Prosesi diawali dengan upacara Nedunang Pralingga Ida Batara pada Soma Kliwon Warigadean, Senin (27/7/2026). Prosesi sakral tersebut dihadiri langsung oleh Wakil Bupati Klungkung Tjokorda Gde Surya Putra didampingi Ketua TP PKK Klungkung Ny. Eva Satria, serta jajaran pimpinan perangkat daerah Pemkab Klungkung.

Ritual Karya Aci Pengenteg Jagat merupakan agenda keagamaan rutin yang diampu oleh Pemkab Klungkung setiap Purnama Karo. Upacara ini dipersembahkan sebagai wujud rasa bakti dan rasa syukur kehadapan Ida Sang Hyang Widhi Wasa yang beristana di Pura Gelap sebagai penguasa manifestsasi arah timur (Purwa).

Di sela-sela persembahyangan, Wabup Tjok Surya menyampaikan harapan agar pelaksanaan yajna ini membawa kedamaian, kedamaian spiritual, serta menjaga harmonisasi alam Bali secara umum dan Kabupaten Klungkung pada khususnya.

“Melalui upacara ini kita memohon keselamatan dan keseimbangan alam beserta isinya, serta memohon tuntunan dan kelancaran dalam memimpin Klungkung menuju daerah yang Mahottama (unggul dan sejahtera),” ungkap Wabup Tjok Surya.

Rangkaian Dudonan Karya Aci Pengenteg Jagat

Sementara itu, Sekretaris Dinas Kebudayaan Kabupaten Klungkung, I Gusti Ngurah Made Suarba, menjelaskan bahwa rangkaian dudonan (tahapan) Karya Aci Pengenteg Jagat dipersiapkan secara matang oleh panitia bersama pengrajeng pura.

Usai prosesi Nedunang Pralingga Ida Bhatara pada Senin (27/7/2026), tahapan ritual dilanjutkan dengan upacara Mapepada Wewalungan pada Anggara Umanis, Selasa (28/7/2026).

“Puncak Karya Aci Pengenteg Jagat akan berlangsung tepat pada Prahina Purnama Karo, Buda Paing, Rabu (29/7/2026).

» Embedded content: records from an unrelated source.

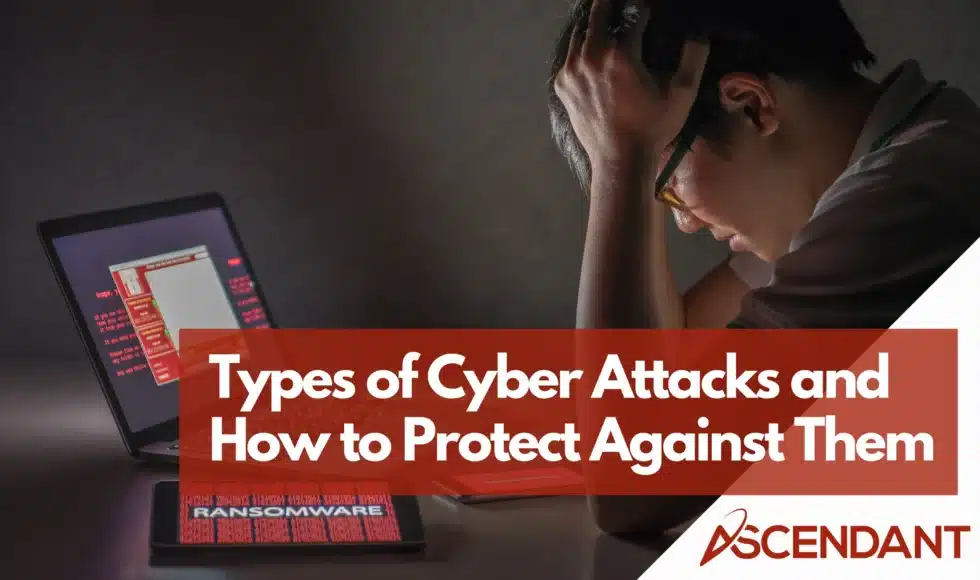 Types of Cyber Attacks and How to Protect Against Them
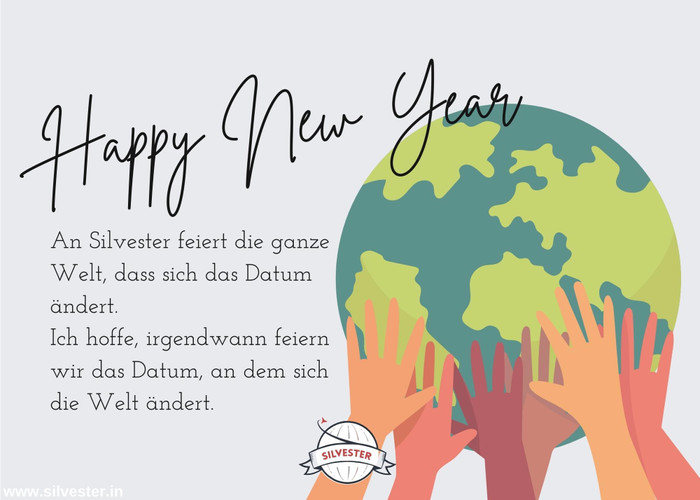  "An Silvester feiert die ganze Welt, dass sich das Datum ändert. Ich hoffe, irgendwann feiern wir das Datum, an dem sich die Welt ändert." - Frohes neues Jahr! 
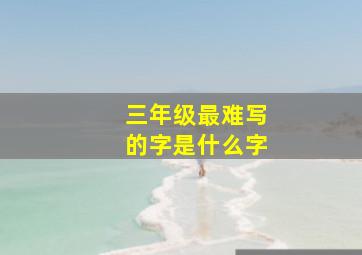 三年级最难写的字是什么字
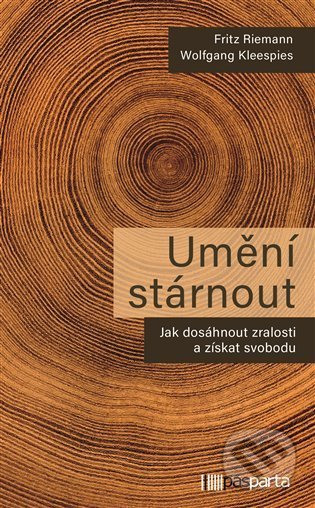Kniha: Umění stárnout (Fritz Reimann a Wolfgang Kleespies). Pasparta, 2022 Kniha: Umění stárnout (Fritz Reimann a Wolfgang Kleespies). Pasparta, 2022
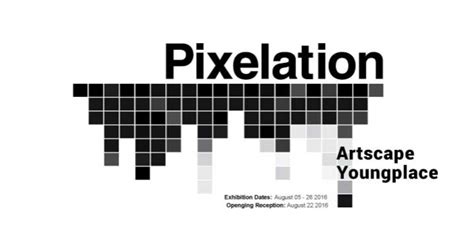 Pixelation At Artscape Youngplace
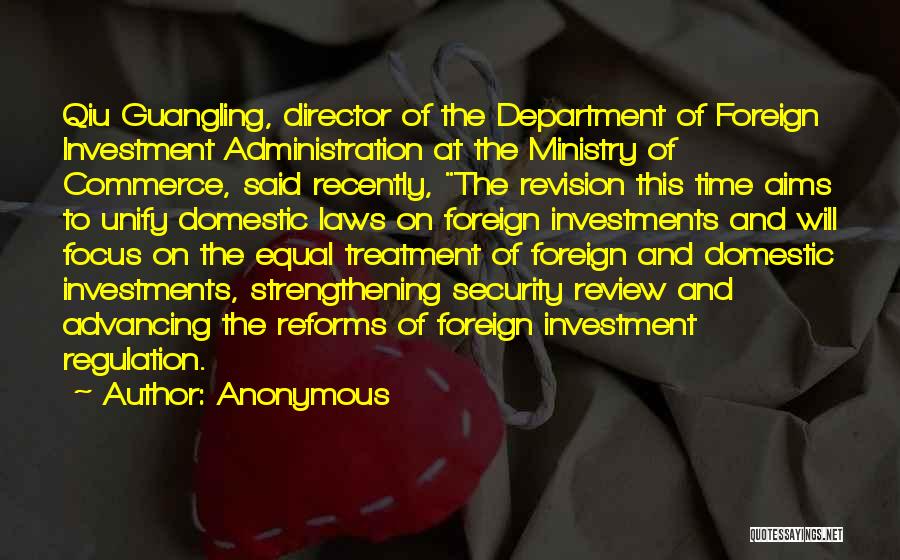 Anonymous Quotes: Qiu Guangling, Director Of The Department Of Foreign Investment Administration At The Ministry Of Commerce, Said Recently, The Revision This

Selanjutnya, rangkaian karya akan diakhiri dengan prosesi Penyineban pada Saniscara Kliwon, Sabtu (1/8/2026),” terang I Gusti Ngurah Made Suarba.

Seluruh masyarakat Klungkung dan umat Hindu di Bali diimbau untuk turut mendoakan agar pelaksanaan karya sakral ini berjalan lancar (labda karya) demi ketenteraman dan keajegan Jagat Bali. (Sta-Kab).